To achieve this, we imaged a small sample size of over 250 cells with varying phenotypes, and determined feature sets associated with each of the four organelles. We used CellProfiler 2.0, an open-source software designed for quantitative analysis of cellular phenotypes. We used this software to build pipelines that demonstrate the feasibility of automated identification of cellular phenotypes. The individual organelle identification pipelines can be viewed here, in .cp format (for CellProfiler 2.0).

Pipeline procedure:



1) Acquire single-celled images of each channel.

2) Convert cells to grayscale, and apply a thresholding algorithm, removing background pixels and retaining foreground.
3) Determine distinct blobs of high intensity pixels. These established as undefined "objects".
4) Take geometric and intensity measurements for each distinct "object".

In step (2), the thresholding algorithm we used was a Robust Background Adaptive operation, which is a threshold technique available in CellProfiler. We found that this method most effective in high background images, which is often the case when analyzing subcellular phenotypes over cytosolic background.




Establishing geometric features:

In order to train the computer to recognize blobs as organelles, we needed to develop a comprehensive set of criteria that would indicate the identity of a blob. We executed our pipeline procedure on a nominal sample of positive control images (only one type of organelle present per cell). We used these measurements to build feature sets associated with each organelle. The measurements we gathered are displayed below:



These measurements provided us with a quantitative indication of unique features for each organelle. For example, the majority of identified nuclei have a smaller area relative to that of vacuolar membrane and plasma membrane, but larger than that of actin. We used these quantitative differences to establish parameters to separate the identities of organelles in any given image. In the development of our MiCodes automation, we noticed that setting absolute cutoff values provided a reasonably robust characterization of organelles. More information about the methods can be seen in our pipelines.
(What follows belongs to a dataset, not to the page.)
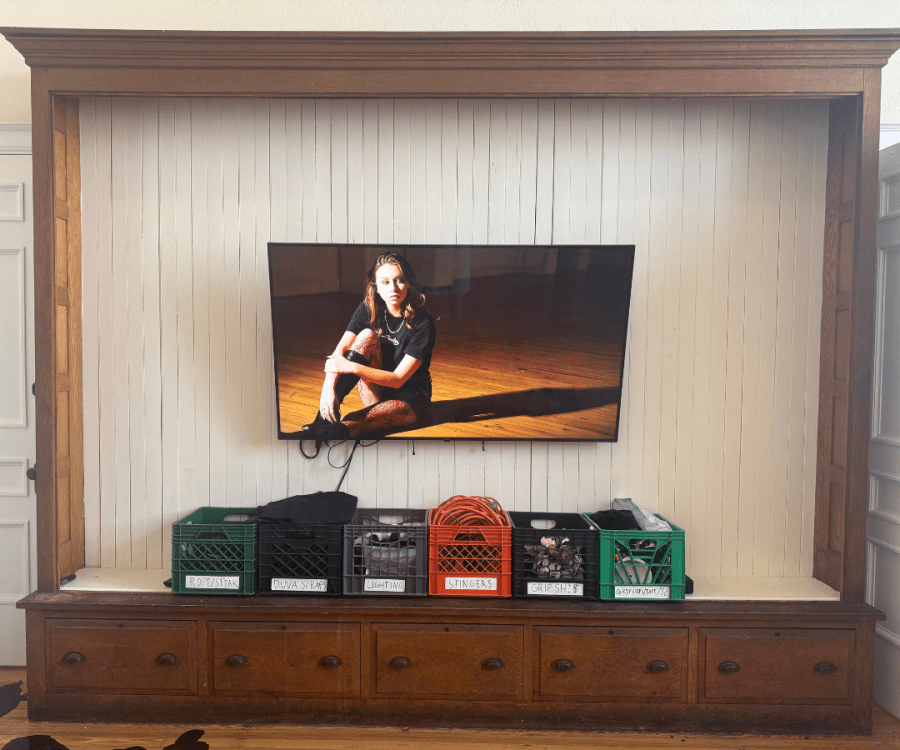 A video screen displays a film still above labeled production crates holding items such as rope, lighting equipment, and grip supplies.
Having established these geometric parameters, we then proceeded to process a small sample size of 250 cells, with varying MiCodes. We performed a Nucleus identification, to see if our pipelines produced results that closely match those of a biologists' manual detection. The results are shown below:

Results: As seen in the green channel, CellProfiler idenfies nuclei to within approximately 90% of a biologist's accuracy, which demonstrates the feasibility of using automated techniques to quantitatively analyze geometric qualities and process MiCodes. In order to minimize our false negative rate, as seen in the green channel, we have chosen to accept a higher false positive rate by establishing less stringent parameters in thresholding.



To better refine the organelle detection, we also intend to analyze the following additional properties to improve the classification:

Geometric Property Description
Solidity Area/Convex Area, or how "solid" a blob is. 
Eccentricity Ratio of the distance between foci of an ellipse and its major axis length. 


Once again, by utilizing the geometric differences among organelles, our software allows for automated MiCode identification:



Remarks: At this stage, our pipelines are primarily designed to differentiate between fluorescent membranes and punctate structures, while taking measurements. In the future, with a large, already-constructed dataset (a complete MiCode library), we would likely employ machine learning techniques to improve the automated identification. Our geometric data can potentially be implemented as a training set from which a computer can develop rules for a ranking system of geometric properties.